Иван Толстой: Перейдем к неполитическим новостям. Объявлено о появлении первой литературной премии Пятой волны эмиграции, то есть сегодняшней волны. Премия называется "Книги свободы": "Литературная премия пятой волны учреждена издательством Freedom Letters, "Новой газетой Европа" и телеканалом "Дождь".
На соискание премии принимаются рукописи романов, крупных повестей и произведений в жанре нон-фикшн объемом от 4 до 25 авторских листов. Как говорит основатель Freedom Letters Георгий Урушадзе, рукописи будут приниматься от 1 сентября до 30 ноября. Радио Свобода – один из информационных партнеров этой премии. Лауреаты будут объявлены в мае 2025 года. Призовой фонд – 20 тысяч долларов".
Давайте вспомним о непосредственных предшественниках этой премии. Что мне вспоминается, когда я читаю эту новость? Литературная премия имени Владимира Даля, которая существовала 40 лет назад в Париже, или литературная премия Марка Алданова, которая сейчас существует в Нью-Йорке. Зачем далеко ходить: существует известная очень и престижная премия "Либерти", и вы один из ее учредителей. Мы с вами как-то в программах, и даже не раз, о ней говорили. Напомните, пожалуйста, нашим зрителям, что это?

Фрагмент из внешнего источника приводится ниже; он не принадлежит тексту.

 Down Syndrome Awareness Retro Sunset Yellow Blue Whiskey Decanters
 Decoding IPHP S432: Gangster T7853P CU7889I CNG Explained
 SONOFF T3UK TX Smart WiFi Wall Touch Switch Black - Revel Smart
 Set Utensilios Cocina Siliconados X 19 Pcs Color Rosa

"Может ли появиться новый "Ардис"?" – "Да, в Берлине"
Александр Генис: Сперва я хочу отметить любопытный факт: инициатива эта идет из Берлина. Как раз на днях я прочитал статью Александра Долинина, известного нашего набоковеда, который написал статью про русский Берлин, он назвал ее "Мачеха русских городов". Сто лет назад в Берлине жили более 300 тысяч эмигрантов из России, во многом это был русский город. И вот сейчас ситуация повторяется. Несколько лет назад, еще до войны, я разговаривал с основательницей легендарного издательства Эллендеей Проффер. Я спросил: "Может ли появиться новый "Ардис"?" Она сказал: "Да, конечно. Но он будет не в Америке, а в Берлине". Именно это происходит. И премия, о которой вы говорите, – признак оживления эмигрантской культурной жизни. Это печально, с одной стороны, но, с другой стороны, замечательно, что русской литературе есть где переждать эти страшные дни.

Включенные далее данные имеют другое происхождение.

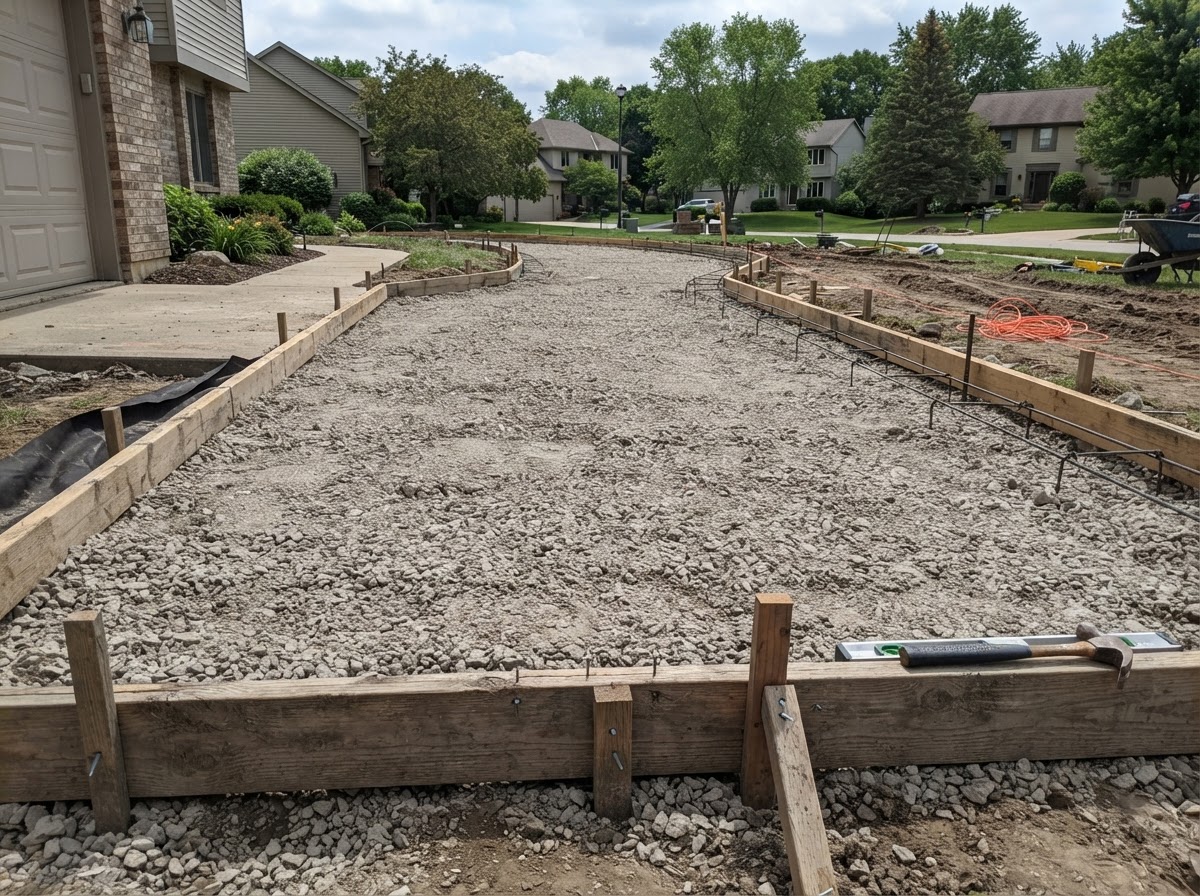 Compacted aggregate base and forms prepared for a Dyer concrete driveway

Что касается нашей премии "Либерти", то она возникла в 1999 году, ее придумал Соломон Волков, наш коллега, многолетний автор "Свободы", и художник Гриша Брускин.
Втроем мы составляли независимое жюри, которые каждый год присуждало премию людям, которые, как мы считали, способствовали плодотворным российско-американским отношениям. Со временем собралась блестящая плеяда: Василий Аксенов, Лев Лосев, художники Олег Васильев и Вагрич Бахчанян, философ Михаил Эпштейн, который все знает. Были и видные американцы: директор Библиотеки Конгресса Джеймс Биллингтон, автор знаменитой книги "Икона и топор", лучшего о России я ничего не читал, директор музея Гуггенхайма Том Кренц, Ирина Прохорова, глава издательства НЛО, и десятки других. Эта премия способствовала именно тому, чему должна была помогать, а именно контактам между русской и американской культурами.

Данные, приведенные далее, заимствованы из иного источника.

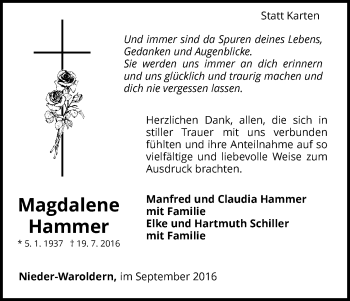 Traueranzeige von Magdalene Hammer von Waldeckische Landeszeitung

Хороший пример – премия Владимиру Сорокину. Мы дали ему премию как бы преждевременно. Сорокин был тогда мало известен в Америке – за пределами академических кругов, где он был постоянным героем диссертаций. Когда мы дали ему эту премию, то писателя пригласили в Америку. До этого, мне кажется, путали Сорокина с его персонажами, так бывает. Но когда они увидали Сорокина, когда он получил эту премию, то он оставил очень благоприятное впечатление. Потихоньку стал раскручиваться маховик известности Сорокина. И, о чем мы недавно с вами говорили, сейчас весь канон Сорокина переведен на английский язык и постепенно публикуется в лучших издательствах, журналах.
Конечно, сейчас не до нашей премии: русско-американские контакты на нуле. Но я рад новой премии. И сумма премии приличная – 20 тысяч долларов. Наша премия обходилась всего одной тысячей долларов, но никто не отказался ни от денег, ни от связанного с ней престижа.
Смотри также Молоко без коровыИван Толстой: Приятно, что дело не в инфляции, а в том, что новые учредители понимают значение такой суммы, значение поощрения для новой эмиграции – это психологически очень важно.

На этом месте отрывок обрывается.